111 However, other than the single referee who had seen Ms Sayers’ report, the testimonials were more in the nature of general character references and do not disclose any knowledge of the precise complaints against the Solicitor. They do not assist the Tribunal in determining either the proper description of the Solicitor's misconduct or his state of mind.
112 In submissions, the Solicitor argued that the nature of his acts constituted unsatisfactory professional conduct and he placed considerable reliance on the majority opinion of the Court of Appeal in Leon Nikolaidis v Legal Services Commissioner 2007 NSWCA 130. The main issue of the appeal in Nikolaidis was whether it the Solicitor, a sole practitioner, was responsible on a misconduct basis for overcharging in a bill of costs prepared by an employed Solicitor. McColl JA (with whom Hogson JA agreed) said at 164:
“It is apparent from this review of authorities dealing with overcharging that in each case in which the complaint was made good, the Solicitor had either knowingly engaged in systematic overcharging or ... had been reckless as to whether or not excessive fees had been charged through failure to exercise adequate supervision.”

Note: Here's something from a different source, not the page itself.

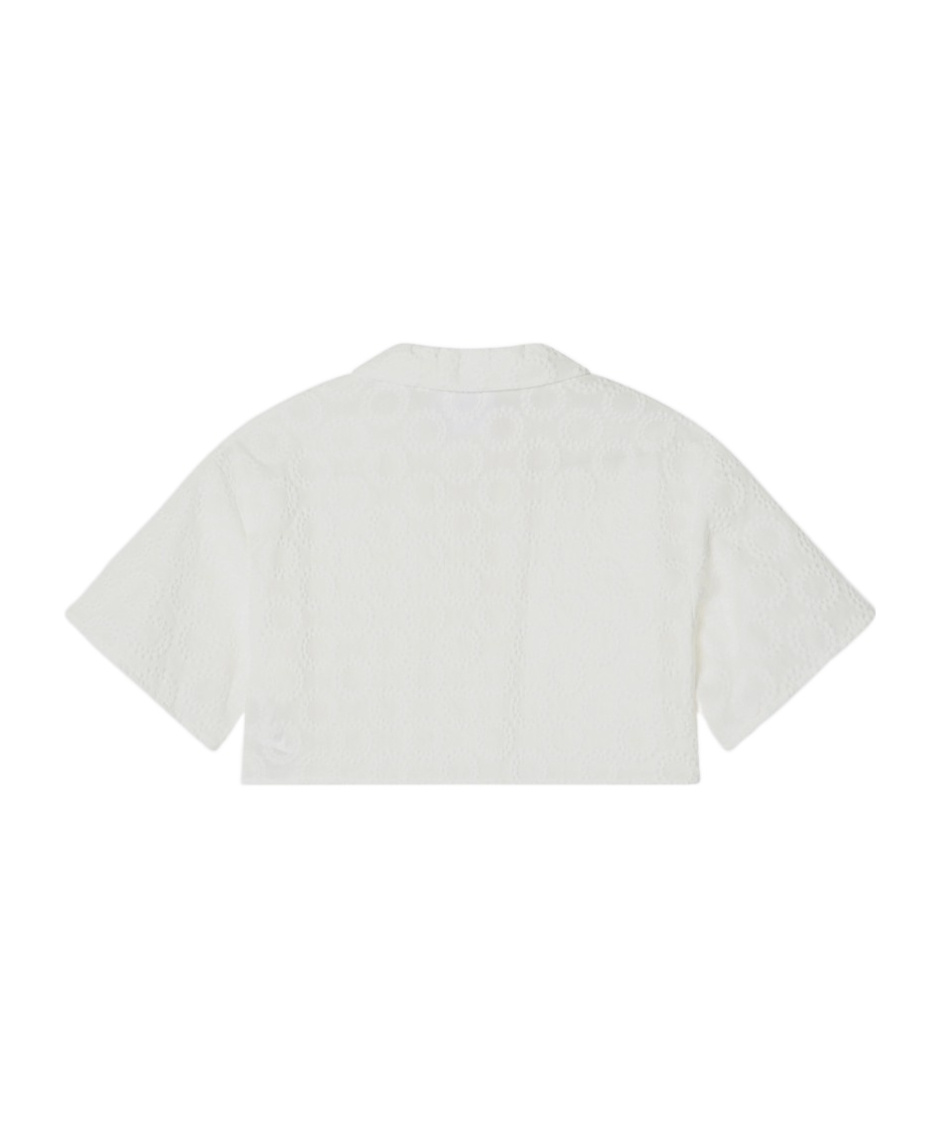 Douuod Cropped Shirt In In White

115. In our view, Nikolaidis is clearly distinguishable on its facts from the current matter and it does not assist us in determining this matter. However, in our view, our findings in this matter are consistent with Court’s reasoning in Nikolaidis.

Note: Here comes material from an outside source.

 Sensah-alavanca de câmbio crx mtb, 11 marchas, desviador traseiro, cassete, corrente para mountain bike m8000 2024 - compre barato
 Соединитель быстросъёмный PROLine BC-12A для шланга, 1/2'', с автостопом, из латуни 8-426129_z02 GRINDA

113 During submissions, the Tribunal alerted both parties of the range of orders that it Tribunal might make after consideration of the evidence and that these included a protective order. The Society did not seek orders other than those sought in the Application and the Solicitor was provided with an opportunity to consider the issue of penalty and make submissions as to his fitness to remain on the Roll.
Summary of findings
114 The Tribunal has made findings against the Solicitor of professional misconduct in respect of:
i) five counts of breaching section 61 LPA;
ii) one count of breaching of section 62 LPA;
iii) one count of attempting to mislead his client with a view to obtaining money from him;
iv) two count of failing to account to his clients;
v) one count of retaining moneys in contravention of Rule 12;
vi) one count of maintaining an improper lien over client trust moneys;
vii) two counts of failure to account to clients for funds received by him; and
viii) one count of attempting to mislead the Law Society.

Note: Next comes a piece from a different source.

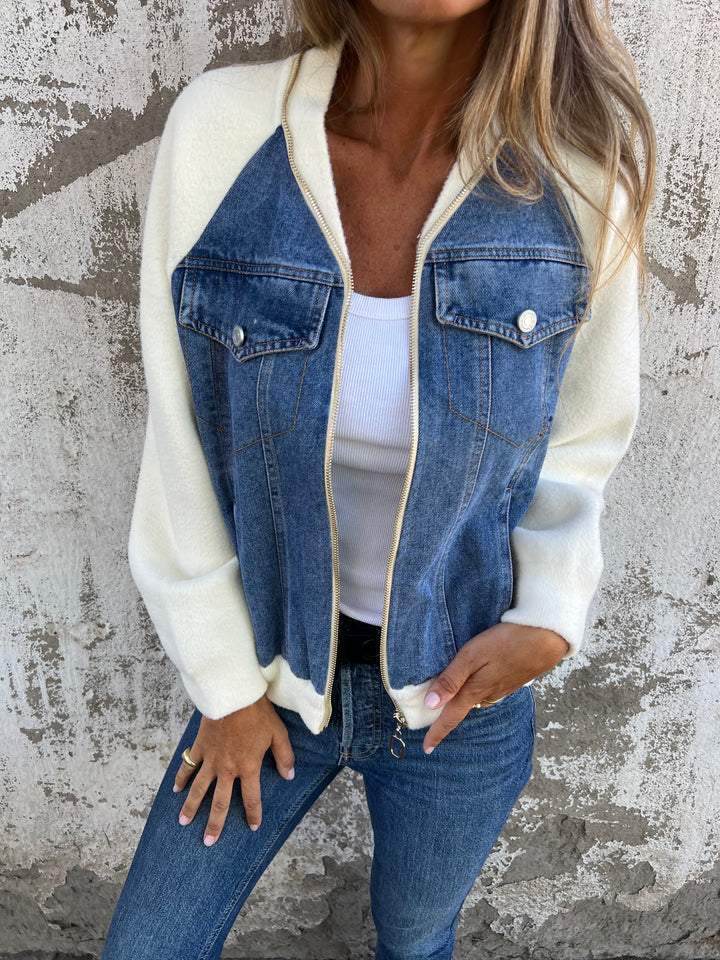 Fashionable YKK Jacket Casual V-Neck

115 In addition the Tribunal has found the Solicitor guilty of unsatisfactory professional conduct in respect of one count of intermingling and has dismissed:
a) One count of alleged intermingling;
b) Two counts of alleged failure to protect clients’ interests; and
c) One count of failing to account.
Penalty
116 The Tribunal has considered the Solicitor’s conduct at the times that the incidents occurred and his attitude towards his conduct during the hearing of the matter. In our view, the Solicitor has consistently and continuously failed to appreciate the nature of his professional responsibilities. His failure is significant and while he has attempted to excuse his conduct as not constituting professional misconduct, these do not support any suggestion of change on his part, but rather indicate his failure to act honestly and with propriety in dealing with his clients, fellow practitioners, a barrister and an insurer and his failure to appreciate his obligations regarding the conduct of his trust account. His conduct calls into question his honesty and integrity and accordingly his fitness to practise law.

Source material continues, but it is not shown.